■ PROBLEM STATEMENT ■
Please reproduce the whole listing without altering anything.

■ RAW DATA ■

....

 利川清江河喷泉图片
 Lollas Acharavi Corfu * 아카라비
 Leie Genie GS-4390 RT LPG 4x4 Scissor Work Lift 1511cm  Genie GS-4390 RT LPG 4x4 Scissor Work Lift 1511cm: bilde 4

....

■ WRITTEN SOLUTION ■
 利川清江河喷泉图片
 Lollas Acharavi Corfu * 아카라비
 Leie Genie GS-4390 RT LPG 4x4 Scissor Work Lift 1511cm  Genie GS-4390 RT LPG 4x4 Scissor Work Lift 1511cm: bilde 4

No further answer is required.